Work to complete:
Copy out all the lines of the data precisely, omitting any pictures.

Dataset content:
******
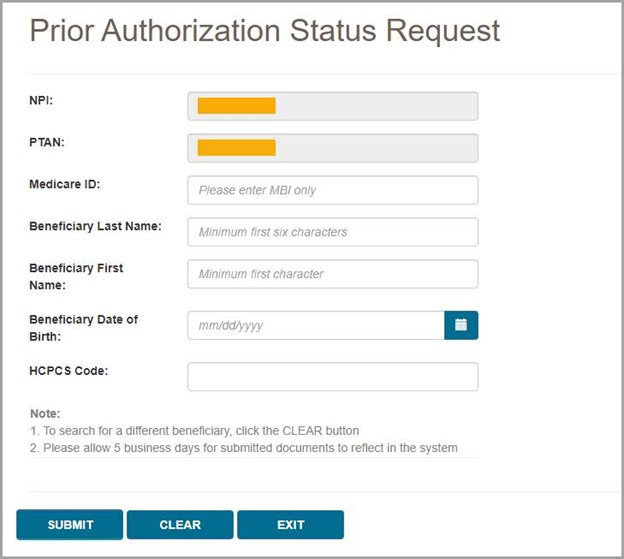 Imagen de la pantalla de myCGS que muestra la solicitud del estatus de la preautorización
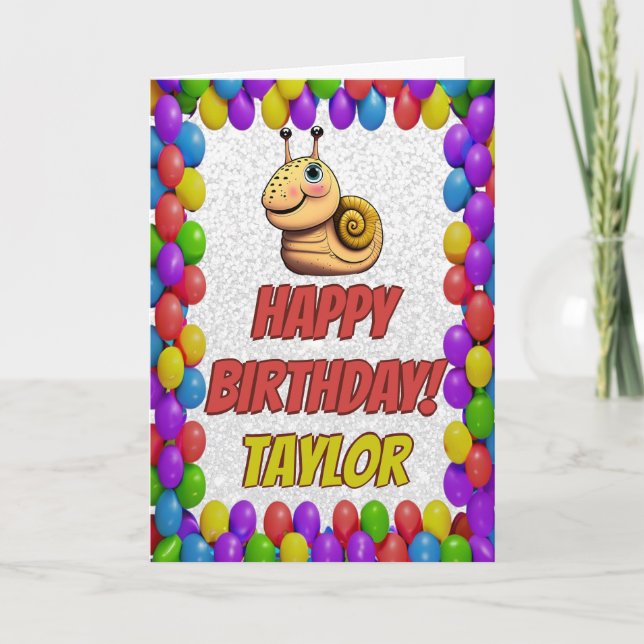 Snail Personalised Fun Greeting Birthday Card (Front)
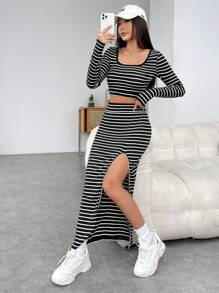 SHEIN EZwear Striped Print Crop Tee & Split Thigh Skirt - Black - View 5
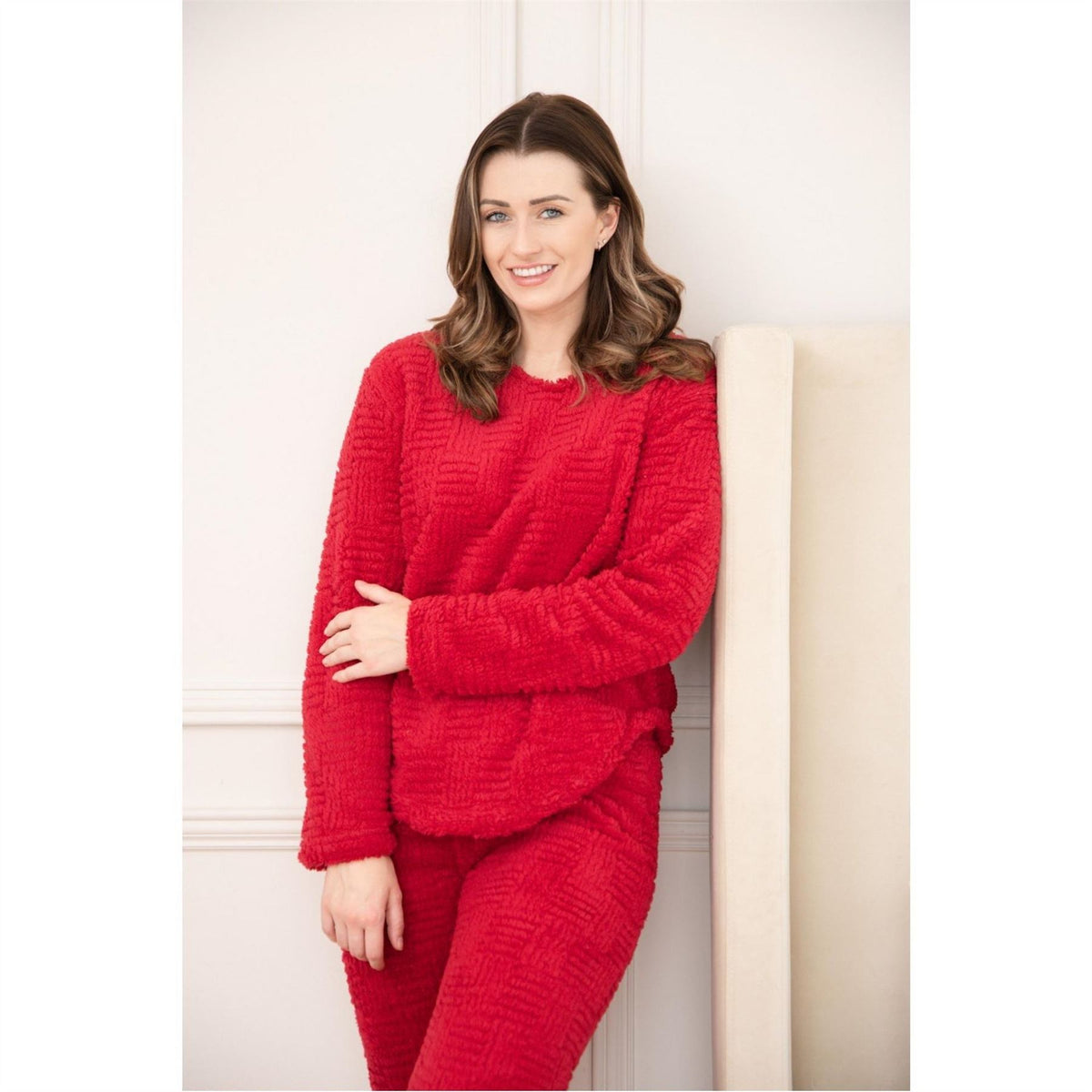 Camille Supersoft Textured Fleece Pyjamas With A Woven Pattern  And  Rope Detailing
******
Finished exercise:
 Imagen de la pantalla de myCGS que muestra la solicitud del estatus de la preautorización
 Snail Personalised Fun Greeting Birthday Card (Front)
 SHEIN EZwear Striped Print Crop Tee & Split Thigh Skirt - Black - View 5
 Camille Supersoft Textured Fleece Pyjamas With A Woven Pattern  And  Rope Detailing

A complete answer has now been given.